Our enterprise business grew 14% year-over-year and we added over 17,000 new end customers. Service provider continued to be approximately one-third of total revenue and hospitality and education together account for approximately another third of total revenue.

In the quarter, gross margin of 69.4% was at the high end of guidance of 68.5% to 69.5%. Our strong gross margin reflects favorable product mix, economies of scale and normal discounting. We continue to see increasing demand from customers for 11ac products.

In Q4, within 11ac access point sales, Wave 1 accounted for approximately 68% and Wave 2 accounted for approximately 11%, for a combined total of 79% of all access points sales, up from 74% in the third quarter. Please note that we are currently only shipping one Wave 2 access point, and as Selina has discussed in her prepared remarks, we would aggressively build out a Wave 2 portfolio throughout 2016.

Q4 operating expenses were $55.5 million or 55.4% of revenue, compared to 55.8% of revenue in the same quarter of last year, and 55.7% of revenue in the prior quarter. Operating income in Q4 increased 19% year-over-year to a record $14.1 million or 14% of revenue, which was at the high end of our guidance and demonstrates our commitment to improving operating margin while investing for future growth.

Non-GAAP net income for the quarter was $13.4 million, up $0.13 per diluted share, above the midpoint of our guidance of $0.11 to $0.14 per diluted share and compared with $11.5 million or $0.12 per diluted share from Q4 2014. We had 100.5 million weighted average shares outstanding on a non-GAAP diluted basis in Q4.

On a GAAP basis, net income for the quarter was $2.8 million or a profit of $0.03 per diluted share, compared with a $2.9 million net profit or a $0.03 per diluted share in Q4 2014.

We continue to generate strong cash flow from operating activities and we've been cash flow positive since 2011. In Q4, cash provided by operating activities was strong at $14.4 million and total of $35.9 million in 2015.

Turning to the balance sheet. We finished Q4 with cash, cash equivalents, short-term investments and restricted cash totaling $235.5 million, an increase of $9.3 million from the prior quarter, and up $31.7 million of the prior-year. During Q4, we paid $7.2 million in connection with the Cloudpath acquisition.

Deferred revenue decreased $7.2 million sequentially, primarily as a result of a $9.9 million decrease related to the timing of stock and distribution, offset by $2.8 million increase in deferred services in subscription. As a reminder, deferred stock and distribution will fluctuate quarter-to-quarter depending on the timing of shipments into distribution. Average days sales outstanding on adjusted revenue basis was 70, up from 64 last quarter. And based on historical trends, we expect average days sales outstanding on an adjusted revenue basis to be in the range of 60 to 70 days going forward.

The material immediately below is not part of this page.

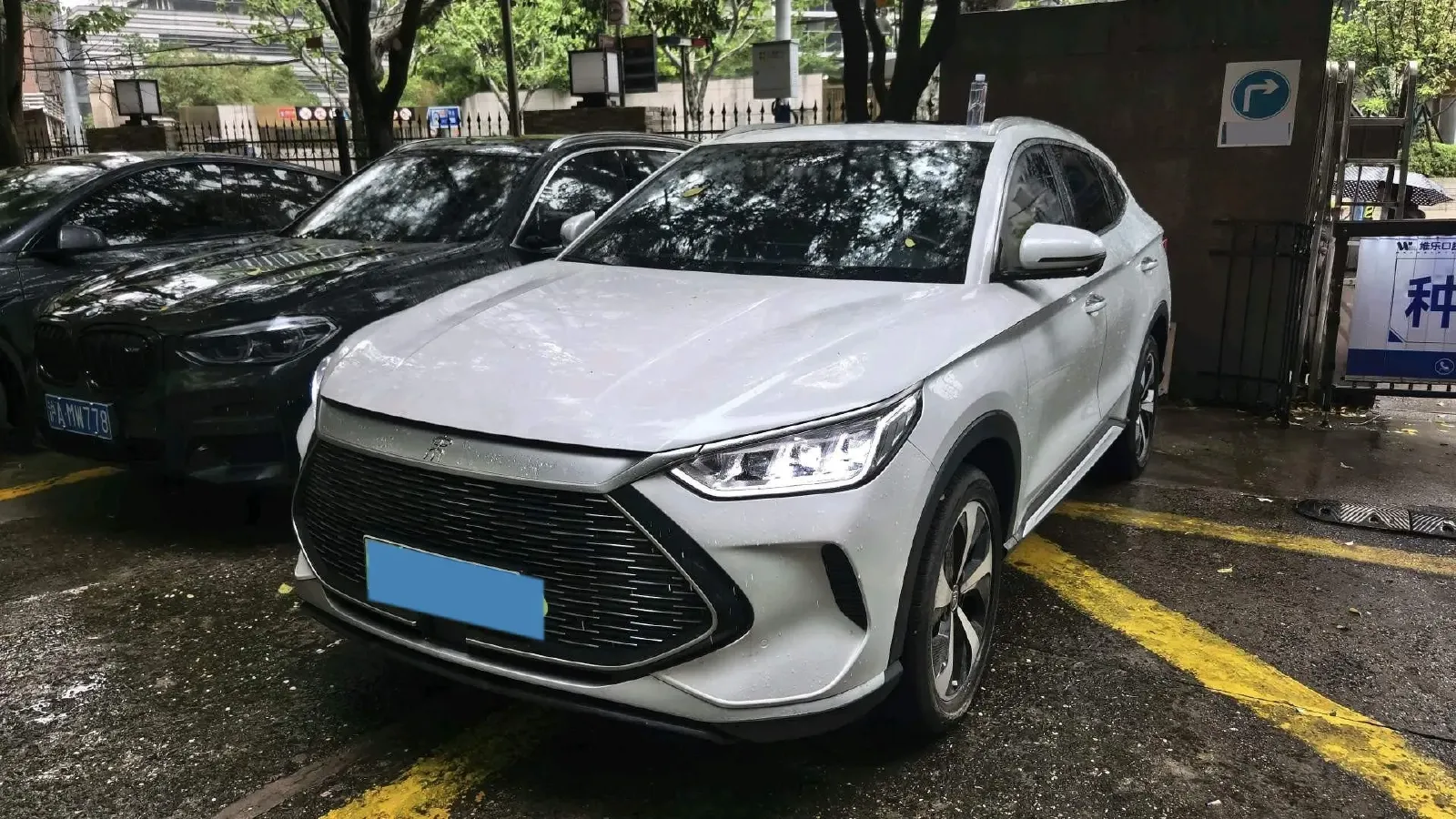 2022 Hyundai Tucson 2.0L 150HP L4 6AT Hybrid,autocango,china used car exporter,china ev exporter,chinese used car exporter,chinese used ev exporter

Before I provide Q1 guidance, I'd like to share some thoughts on our expected future revenue seasonality. As education has become a larger piece of our business, we anticipate the second and third quarters to be seasonally strongest, in particular, U.S. education as schools deploy during extended school breaks. Our first quarter is seasonally weakest and going forward we expect Q1 to be flat to slightly down sequentially from Q4, reflecting normal seasonal lower spending in U.S. education and normal seasonal softness in Asia-Pacific related to Chinese New Year.

Now, let me turn to our first quarter of 2016 guidance. In providing guidance for Q1, we've taken into account seasonality of education spending in the U.S., normal seasonality in Asia-Pacific and a cautious view of the impact of a strong dollar. As a reminder, all of our sales are denominated in U.S. dollars.

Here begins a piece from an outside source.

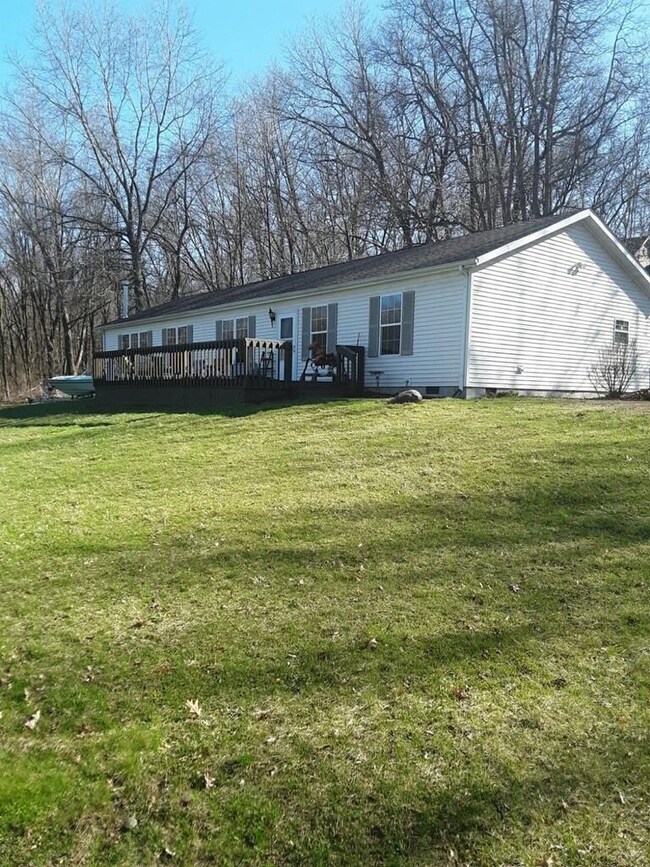 6067 E Division Rd, Mill Creek, IN 46365 - photo 2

We expect first quarter 2016 to be in the range of $96 million to $101 million - our revenue to be in the range of $96 million to $101 million, an increase of approximately 20% year-over-year at the midpoint. We expect Q1 gross margins to be within 68.5% to 69.5% and operating margin within 8.5% to 11%. We expect EPS on a non-GAAP basis to be $0.08 to 0.10 per share. We are using approximately $100 million to $101 million weighted average shares outstanding on a non-GAAP diluted basis.

Note that our Q1 guidance includes a full quarter of operating expenses in connection with the Cloudpath acquisition. As we mentioned on our last earnings calls, we anticipate Cloudpath would be half-a-penny dilutive to our earnings in the first half of 2016, but accretive to the full-year of 2016. As a reminder, based on currency utilization of our federal and state NOLs and available federal tax credits, we expect our anticipate cash tax rate to remain approximately 5% through the end of 2016. In 2017, we expect to having approximately 20% to 25% effective anticipated cash tax rate.

Before I open up the call for questions, I want to provide some additional color as you build out your models for 2016. On the top line, we anticipate slight acceleration in our revenue growth in 2016 compared to the 14.2% growth we reported in 2015. In addition, we expect to drive improved operating leverage in our business in 2016 and we expect R&D as a percentage of revenue to decrease during the year. We remain committed to achieving our long-term operating margin target of 17%-plus for the fourth quarter of 2016.

Now we will take your questions. Operator, please open up the line.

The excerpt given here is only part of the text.